Je suis heureux de constater que vous souscrivez à une grande partie de la politique du Gouvernement, qui consiste justement à favoriser l’investissement des entreprises. La majorité est en effet convaincue que, en favorisant l’investissement, on favorise l’emploi.

Depuis la crise qui a frappé non seulement la France et l’Europe, mais également le monde entier, l’obsession du Gouvernement est de favoriser l’investissement et le développement des entreprises : nous savons que cette méthode permet – ce n’est pas si facile que cela – de favoriser la création de valeur ajoutée, de richesses, et donc d’emplois.

À vous qui avez permis l’organisation de ce débat, monsieur Marc, je vais essayer de répondre de la manière la plus précise possible.
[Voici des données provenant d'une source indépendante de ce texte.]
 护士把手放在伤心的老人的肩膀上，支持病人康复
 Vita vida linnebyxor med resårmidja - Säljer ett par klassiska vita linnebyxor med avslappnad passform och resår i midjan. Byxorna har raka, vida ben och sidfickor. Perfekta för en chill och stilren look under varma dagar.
Mais je voudrais d’abord vous faire remarquer que, si vous parlez avec raison des 293 niches fiscales bénéficiant aux entreprises dans le projet de loi de finances pour 2010, 252 d’entre elles existaient en 1997 et ont continué d’exister jusqu’en 2002 : si le groupe socialiste trouve injuste de procéder de la sorte à l’égard des entreprises, pourquoi avoir laissé subsister toutes ces niches pendant cinq ans ? Depuis 2002, 45 niches ont été créées, quand il en existait 252 à l’époque de M. Jospin, soit une augmentation de seulement 15 %.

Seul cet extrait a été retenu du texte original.